EXERCISE:
Exactly the lines below starting at the line with "Horror Society: Bloody" and ending at the line with "DuraCase Single Charging" are wanted, with both ends included. Leave out the pictures and add no other lines.

EXERCISE MATERIALS:
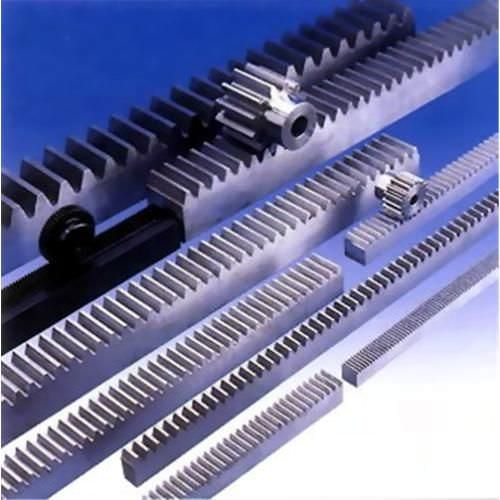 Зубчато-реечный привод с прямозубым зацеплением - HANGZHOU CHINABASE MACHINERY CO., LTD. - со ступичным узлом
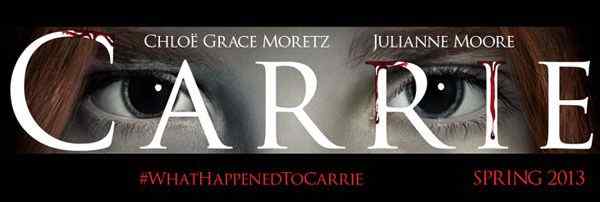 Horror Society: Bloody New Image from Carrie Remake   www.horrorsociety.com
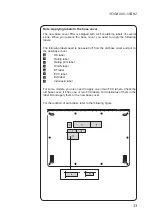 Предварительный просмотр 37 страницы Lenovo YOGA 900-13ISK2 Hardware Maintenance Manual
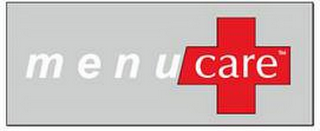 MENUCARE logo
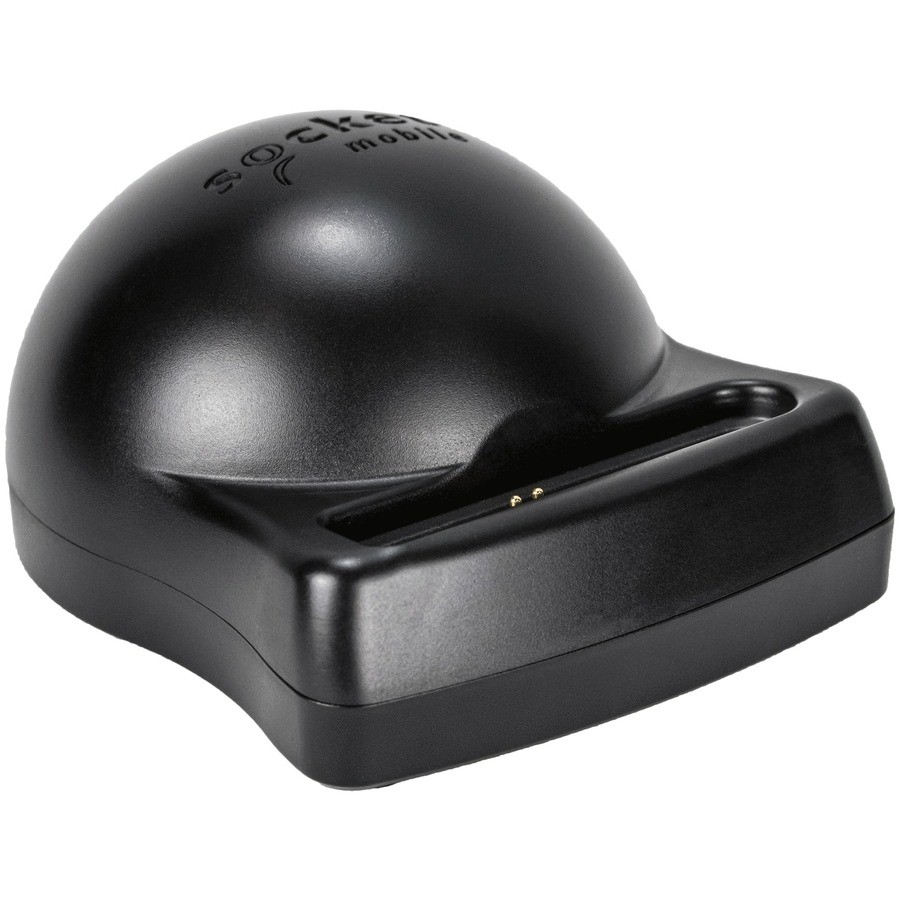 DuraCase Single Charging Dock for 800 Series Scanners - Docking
--
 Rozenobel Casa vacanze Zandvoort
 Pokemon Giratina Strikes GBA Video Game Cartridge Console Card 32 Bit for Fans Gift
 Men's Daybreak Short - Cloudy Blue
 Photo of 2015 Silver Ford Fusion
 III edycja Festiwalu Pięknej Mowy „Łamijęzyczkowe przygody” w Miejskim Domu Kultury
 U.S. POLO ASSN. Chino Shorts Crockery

ANSWER AREA:
 Horror Society: Bloody New Image from Carrie Remake   www.horrorsociety.com
 Предварительный просмотр 37 страницы Lenovo YOGA 900-13ISK2 Hardware Maintenance Manual
 MENUCARE logo
 DuraCase Single Charging Dock for 800 Series Scanners - Docking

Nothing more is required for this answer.